**** Data supplied

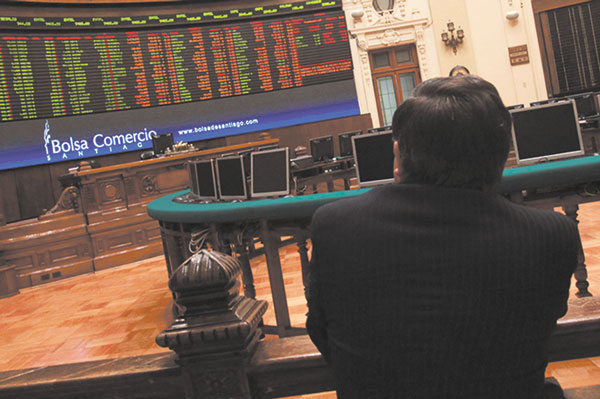 Embonor y AntarChile están entre las diez acciones que saldrán del IPSA
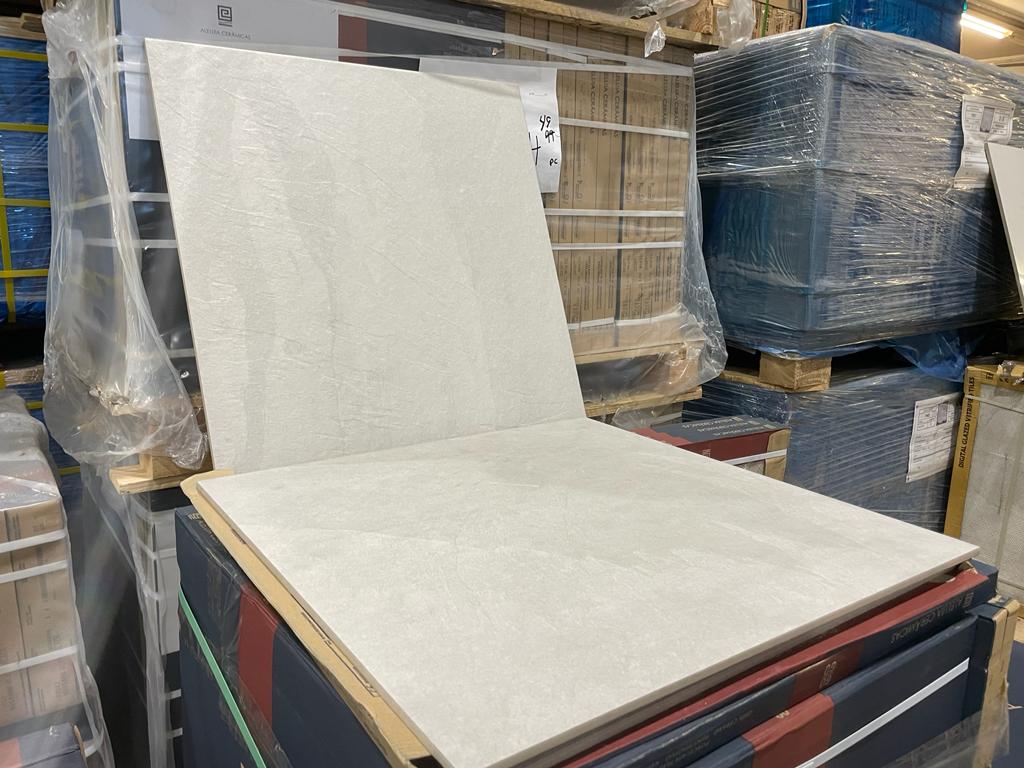 Porcelain - 24 x 24 - Mustang White - Natural Rock Feel - Matt Rectified - Image 2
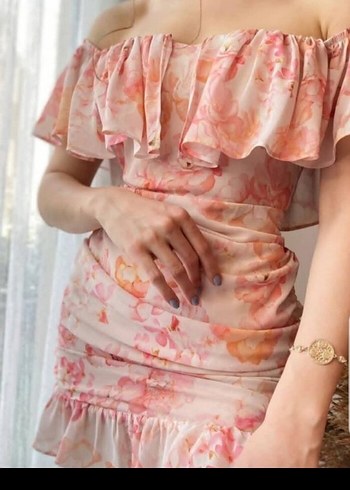 Pembe Çiçekli Mini Straplez Elbise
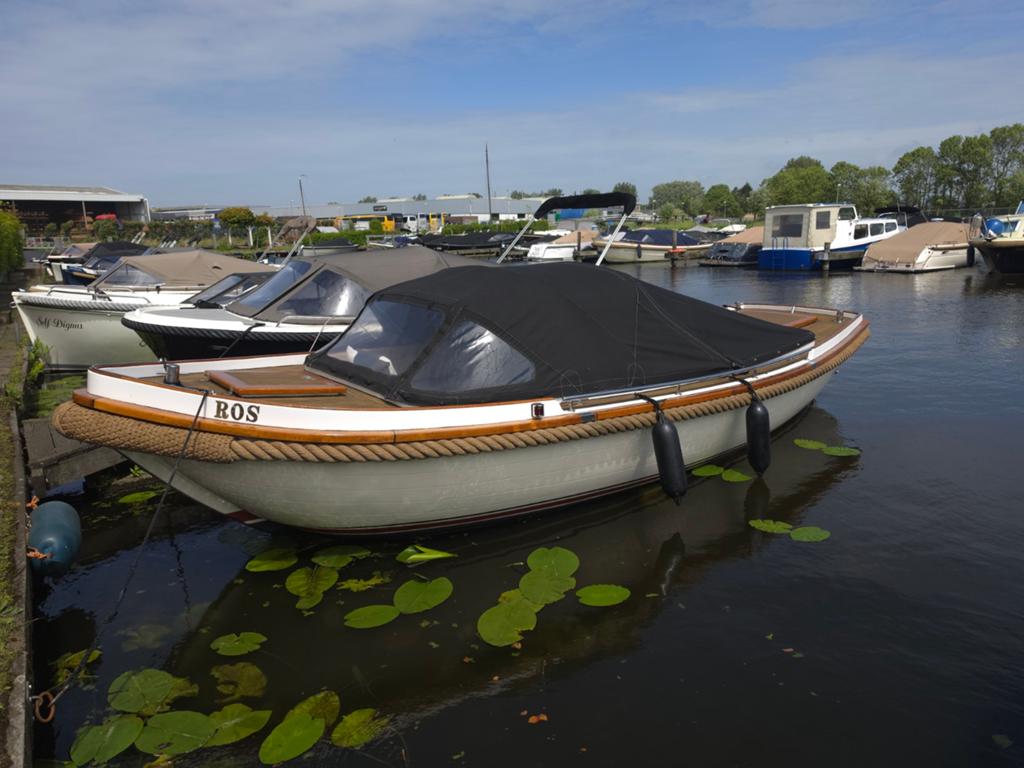 Zeer nette Makma Vlet luxe uitvoering met teak, Watersport en Boten, Ophalen, Binnenboordmotor, Zo goed als nieuw, Vlet
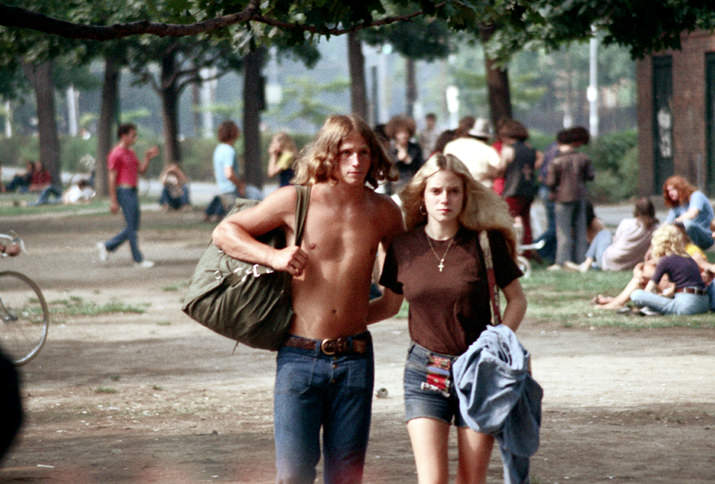 Boston's Summer Street Fashion in the early 1970s Through the Lens of Nick DeWolf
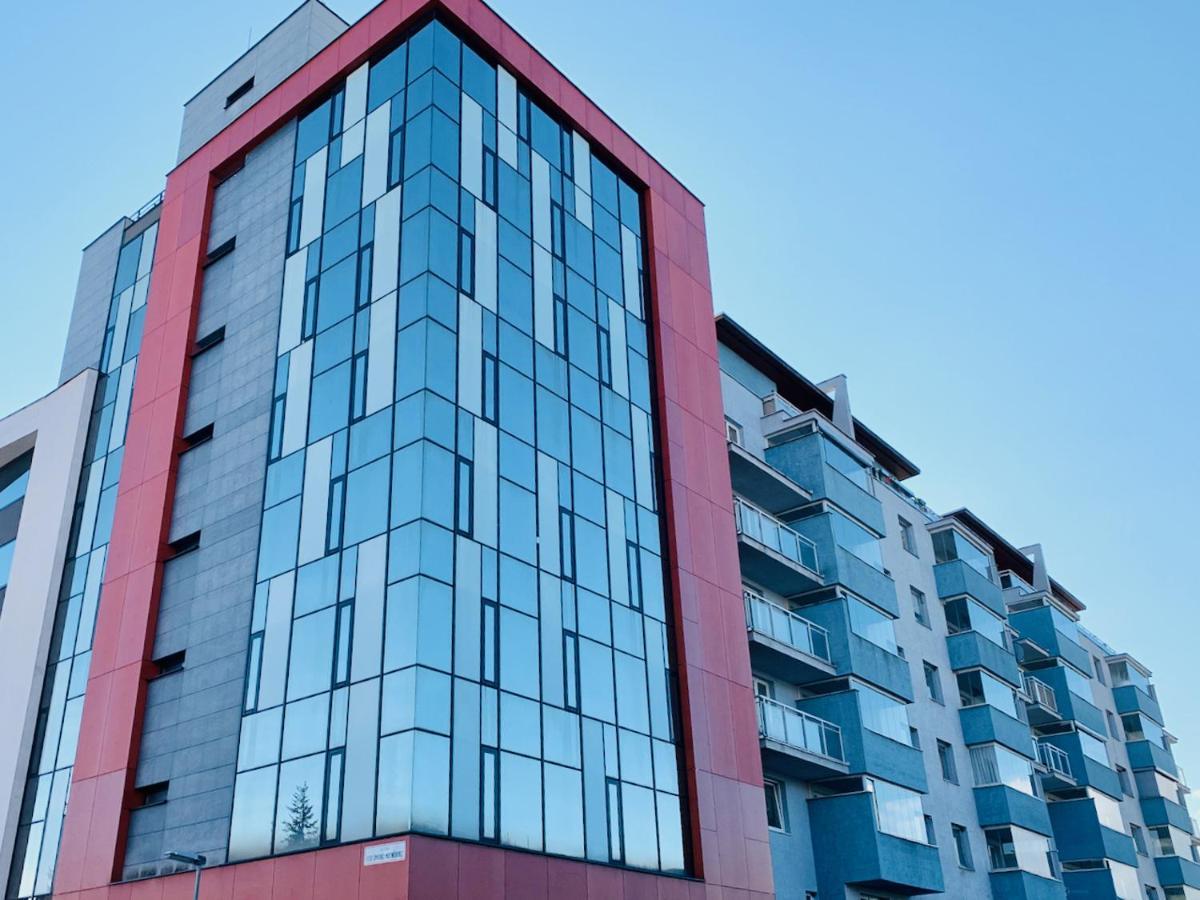 Cozy Apartment - Citycentre - Freeparking - Selfcheck-In Liptovsky Mikulas Ngoại thất bức ảnh
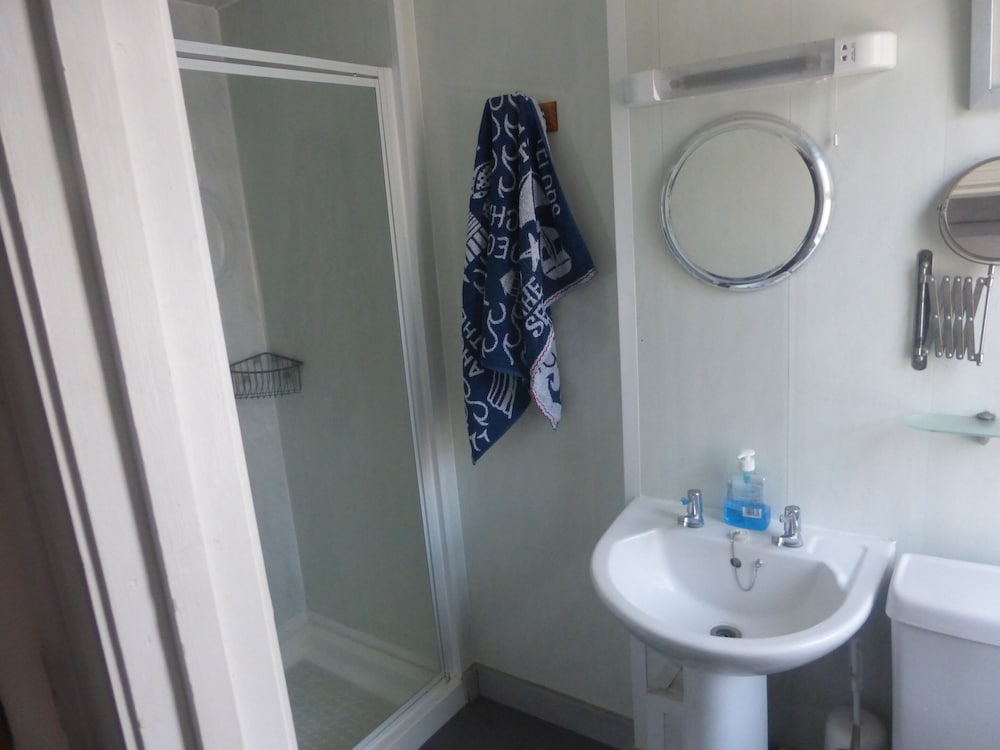 Gleneagles Guest House 10/12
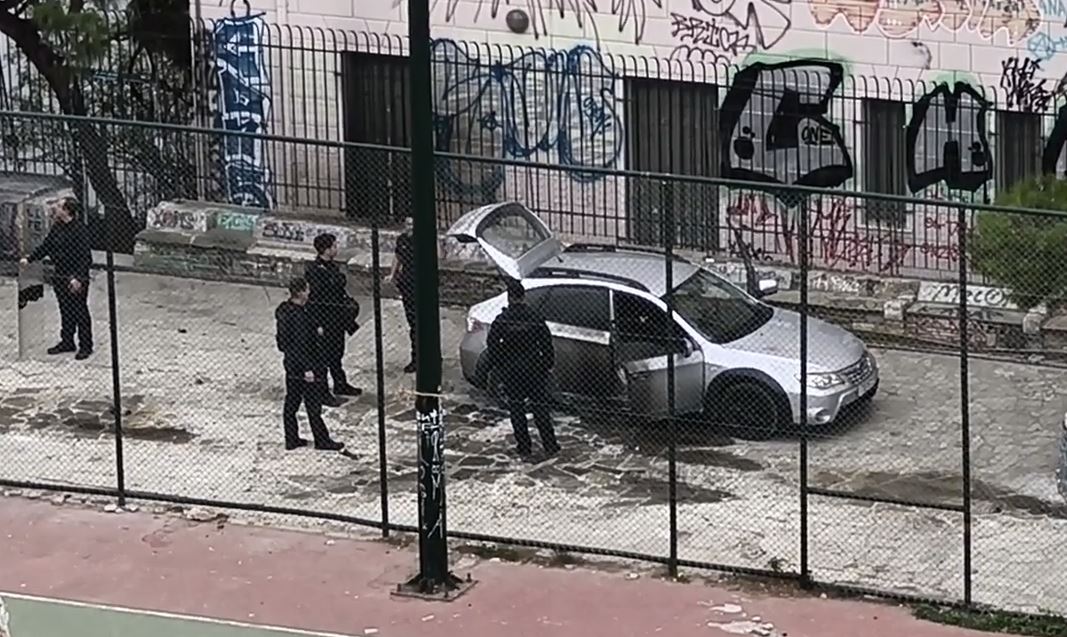 Επίθεση με μολότοφ σε αστυνομικούς της ΟΠΚΕ στον λόφο Στρέφη – Τραυματίστηκε αστυνομικός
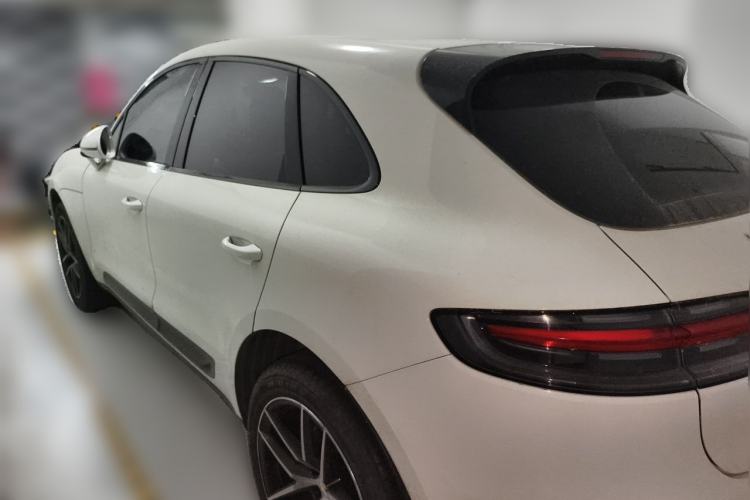 Used Porsche Macan 2023 Macan T 2.0T Rear Left 45 Deg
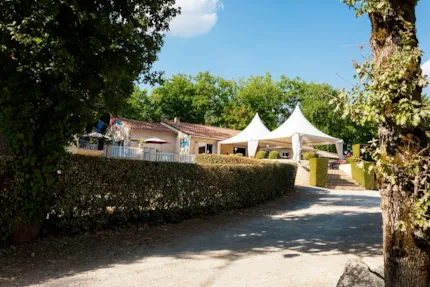 Camping LA CHENERAIE - Camping2Be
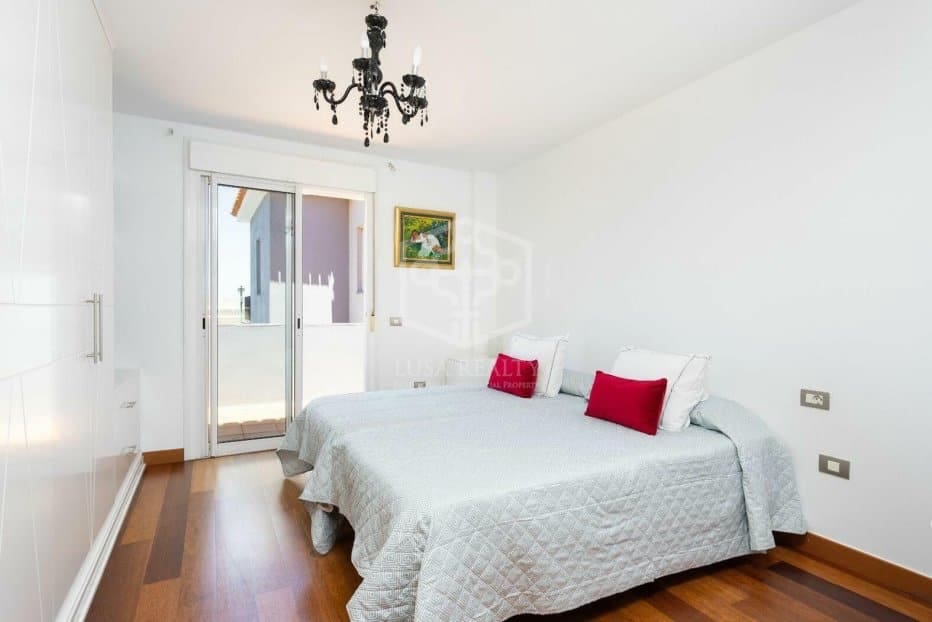 7 slaapkamer Villa te koop in Puerto de la Cruz met zwembad garage - € 1.800.000 (Ref: 9956690)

********

--- Exercise ---
Repeat exactly and only the lines from the start of the data above through the line that holds "Camping LA CHENERAIE - Camping2Be", inclusive. Pictures do not belong in the copy.

--- Exercise response ---
 Embonor y AntarChile están entre las diez acciones que saldrán del IPSA
 Porcelain - 24 x 24 - Mustang White - Natural Rock Feel - Matt Rectified - Image 2
 Pembe Çiçekli Mini Straplez Elbise
 Zeer nette Makma Vlet luxe uitvoering met teak, Watersport en Boten, Ophalen, Binnenboordmotor, Zo goed als nieuw, Vlet
 Boston's Summer Street Fashion in the early 1970s Through the Lens of Nick DeWolf
 Cozy Apartment - Citycentre - Freeparking - Selfcheck-In Liptovsky Mikulas Ngoại thất bức ảnh
 Gleneagles Guest House 10/12
 Επίθεση με μολότοφ σε αστυνομικούς της ΟΠΚΕ στον λόφο Στρέφη – Τραυματίστηκε αστυνομικός
 Used Porsche Macan 2023 Macan T 2.0T Rear Left 45 Deg
 Camping LA CHENERAIE - Camping2Be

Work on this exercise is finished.